The following environment variables are used to configure the queues.

QUEUE_START - defines the first queue that should be used. QUEUE_START=1 implies that /var/indimail/queue/queue1 be the first queue

QUEUE_COUNT - defines the total number of queues that should be used for mail deliveries. This is the fixed upper limit when qscheduler(8) is passed the -s argument

As explained earlier, qscheduler(8) can be used for configuring mail delivery with fixed number of queues or load dependent dynamic queues. The following additional environment variables are needed when dynamic queues are used.

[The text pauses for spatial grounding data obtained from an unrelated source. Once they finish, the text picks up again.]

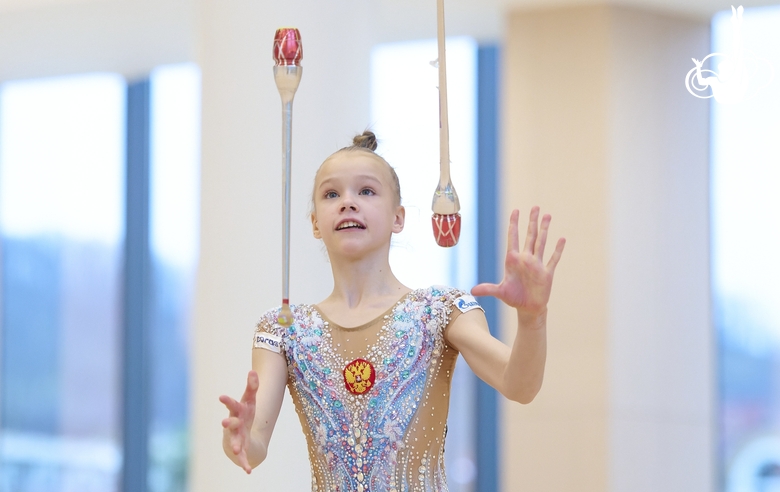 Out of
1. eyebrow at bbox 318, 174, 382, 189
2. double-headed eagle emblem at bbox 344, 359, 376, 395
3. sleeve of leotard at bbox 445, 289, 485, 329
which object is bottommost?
double-headed eagle emblem at bbox 344, 359, 376, 395

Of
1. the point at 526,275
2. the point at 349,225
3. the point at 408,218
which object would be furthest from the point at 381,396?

QUEUE_MAX - defines the maximum queues that qscheduler can use for deliveries when dynamic queues is configured (-d argument to qscheduler(8).

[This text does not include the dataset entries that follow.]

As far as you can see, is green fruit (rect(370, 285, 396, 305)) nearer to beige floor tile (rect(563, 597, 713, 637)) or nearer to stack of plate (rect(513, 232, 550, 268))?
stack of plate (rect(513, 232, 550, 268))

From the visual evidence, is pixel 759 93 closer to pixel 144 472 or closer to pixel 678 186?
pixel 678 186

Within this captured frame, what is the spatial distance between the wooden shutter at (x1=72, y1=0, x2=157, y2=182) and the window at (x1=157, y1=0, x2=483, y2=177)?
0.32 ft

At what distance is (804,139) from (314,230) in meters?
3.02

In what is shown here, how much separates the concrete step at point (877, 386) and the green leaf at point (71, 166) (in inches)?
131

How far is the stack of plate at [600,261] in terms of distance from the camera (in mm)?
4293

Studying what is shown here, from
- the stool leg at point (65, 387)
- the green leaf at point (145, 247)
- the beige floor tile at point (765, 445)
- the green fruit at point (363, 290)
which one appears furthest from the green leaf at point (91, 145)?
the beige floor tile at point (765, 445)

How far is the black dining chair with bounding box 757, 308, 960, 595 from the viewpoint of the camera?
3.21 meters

QUEUE_LOAD - defines the max queue load after which qscheduler(8) should increment the queue count by starting an additional qmail-send(8), qmail-todo(8) instance.

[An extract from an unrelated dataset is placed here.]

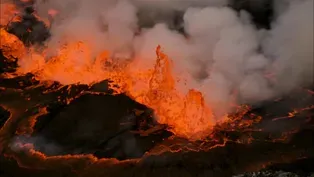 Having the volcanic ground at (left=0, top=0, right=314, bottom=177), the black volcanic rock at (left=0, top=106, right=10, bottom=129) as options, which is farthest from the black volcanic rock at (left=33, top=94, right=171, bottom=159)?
the black volcanic rock at (left=0, top=106, right=10, bottom=129)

Inter-Process Communication

qscheduler(8) uses POSIX inter-process communication namely shared memory segments and message queues. The various forms of IPC are described as below

shared memory /qscheduler

This is created by qscheduler(8) using shm_open(3), owned by root:root with perm 0644. This segment is used to store two integers

  1. queue count - number of queues in use by qscheduler(8). This value will be the value of QUEUE_COUNT environment variable on qscheduler(8) startup. This is a dynamic number that is incremented when the total concurrency load goes beyond a threshold (defined by QUEUE_LOAD environment variable). qscheduler(8) will increase the queue count upto a maximum defined by the QUEUE_MAX environment variable.
  2. queue configured - number of existing queues in /var/indimail directory. This number is incremented by qscheduler when it creates a new queue. This number cannot go beyond the value of QUEUE_MAX environment variable.

shared memory /queueN

This is created by qscheduler(8) but used by qmail-send(8) to write its current concurrency value and the maximum concurrency configured (for both local and remote deliveries). The concurrency is incremented whenever a job is opened and decremented whenever a job is closed. This is owned by qmails:qmail with perm 0644. The queue load is the ratio of current concurrency and the maximum concurrency.

message queue /qscheduler

This is created by qscheduler(8) and used by qmail-send(8) to communicate back, when its queue reaches, the maximum threshold percentage for concurrency to total concurrency ratio. When the average concurrency load reaches QUEUE_LOAD, qscheduler(8) starts a new qmail-send(8), qmail-send(8) instance to install a new queue. This is owned by root:root with perm 0600.

The value stored in the first segment is the queue countqcount. qmail-multi(8) cycles through qcount queues to find the queue with the least concurrency. It then sets the environment variable QUEUEDIR to this queue before calling qmail-queue(8).

message queue /queueN

For each queue, qscheduler(8) creates a message queue using mq_open(3). Here N refers to the queue number). This is owned by qmailq:qmail with perm 0640.

This message queue is used by qmail-queue(8) to communicate to qmail-todo(8) the split dir and the inode number of the message in the outgoing queue. This is more efficient than the trigger method that qmail-queue uses, where the trigger wakes up qmail-send(8) to scan the todo directory. Scanning the todousing opendir(3), readdir(2), also introduces what is known as the Silly Qmail Syndrome, where a single instance of qmail-send(8) cannot keep up with the injection rate from multiple qmail-queue clients. The solution to this problem is to have multiple instances of qmail-send. These instances of qmail-send can be a fixed number (qscheduler -s) or increased dynamically (qscheduler -d).